A Couple of Fed Hawks Continue to Voice Support for Paring Back Accommodation: After upending markets last Friday, St. Louis Fed President Bullard again said he could easily argue “at any time” that the economy has made the “substantial further progress” necessary under the current forward guidance to begin tapering those monthly bond buys at some point soon. Dallas Fed President Kaplan, repeating a position he has publicly stated for several weeks now, said, “I’ve been more of a fan of doing some things, maybe, to take our foot gently off the accelerator sooner rather than later so that we can manage these risks” and try and “avoid having to press the brakes down the road.” Both Bullard and Kaplan said the Fed needed to seriously consider if the housing market, which has boomed over the last 12 months, actually needs any support from the central bank. The Fed is currently buying $40 billion of mortgage-backed securities each month.

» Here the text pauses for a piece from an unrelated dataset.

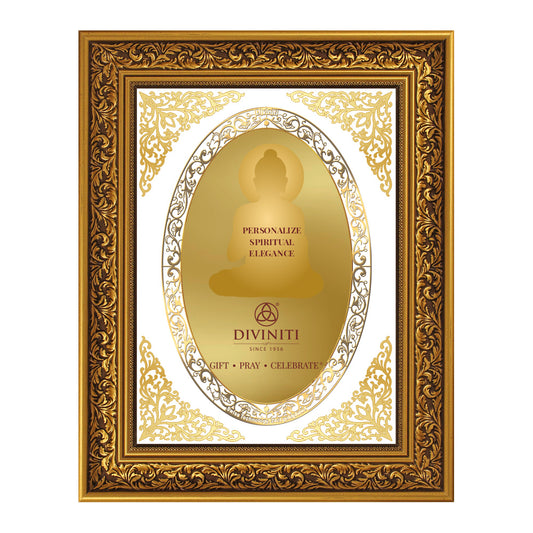 Diviniti Double Glass Frame Personalised Wall Photo Frame in 24K Gold Plated Foil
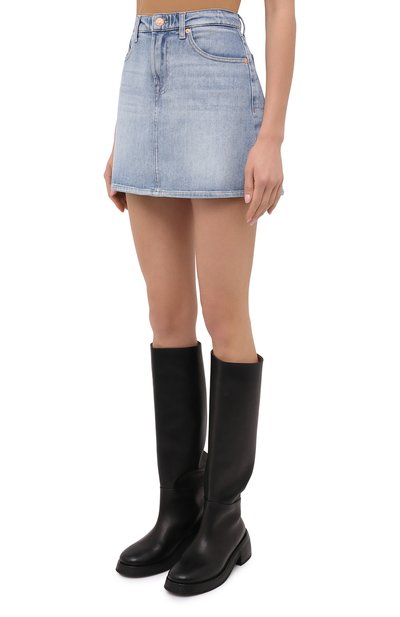 Джинсовая юбка 7 FOR ALL MANKIND голубого цвета по цене 11650 руб., арт. JSQFA500IH, фото 3 Джинсовая юбка 7 FOR ALL MANKIND, арт. JSQFA500IH, фото 3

Williams Believes Policy is Appropriate, Expects Stronger Inflation “Mostly” Temporary: New York Fed President Williams said Monday, “It’s clear that the economy is improving at a rapid rate, and the medium-term outlook is very good. But the data and conditions have not progressed enough for the FOMC to shift its monetary policy stance of strong support for the economic recovery.” Importantly, his “view is that the spike in inflation mostly reflects the temporary effects of the surprisingly rapid opening of the economy,” and he believes inflation will cool to around 2% in 2022 and 2023 “once these prices have fully adjusted to the reopened economy.” He pointed to the recent ebbing of costs for used cars and lumber to support his case and reiterated the belief that pre-pandemic disinflationary forces will eventually reassert themselves. Nonetheless, “It goes without saying,” Williams cautioned, “that there is a great deal of uncertainty about the inflation outlook, and I will be watching the data closely.” Citing one particular area of uncertainty, Williams said some bottlenecks in the supply chain will likely last longer than previously expected and potentially into next year.